───── Data listing ─────
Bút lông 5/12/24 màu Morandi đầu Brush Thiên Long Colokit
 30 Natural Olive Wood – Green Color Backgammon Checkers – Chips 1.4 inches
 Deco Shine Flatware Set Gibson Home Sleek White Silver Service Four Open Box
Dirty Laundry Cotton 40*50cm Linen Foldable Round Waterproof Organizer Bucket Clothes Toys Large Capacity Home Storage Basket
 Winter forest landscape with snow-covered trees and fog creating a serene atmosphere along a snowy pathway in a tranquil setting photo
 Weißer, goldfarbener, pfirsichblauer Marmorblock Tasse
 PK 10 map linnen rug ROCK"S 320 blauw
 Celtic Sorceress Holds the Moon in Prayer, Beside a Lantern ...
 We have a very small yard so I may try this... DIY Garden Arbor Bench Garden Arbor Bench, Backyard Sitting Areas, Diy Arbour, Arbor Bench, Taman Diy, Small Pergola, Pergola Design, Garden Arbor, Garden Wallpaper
─────
Exercise prompt
Pick out every line above that contains the word "Home" and copy it.

Response to this exercise
 Deco Shine Flatware Set Gibson Home Sleek White Silver Service Four Open Box
Dirty Laundry Cotton 40*50cm Linen Foldable Round Waterproof Organizer Bucket Clothes Toys Large Capacity Home Storage Basket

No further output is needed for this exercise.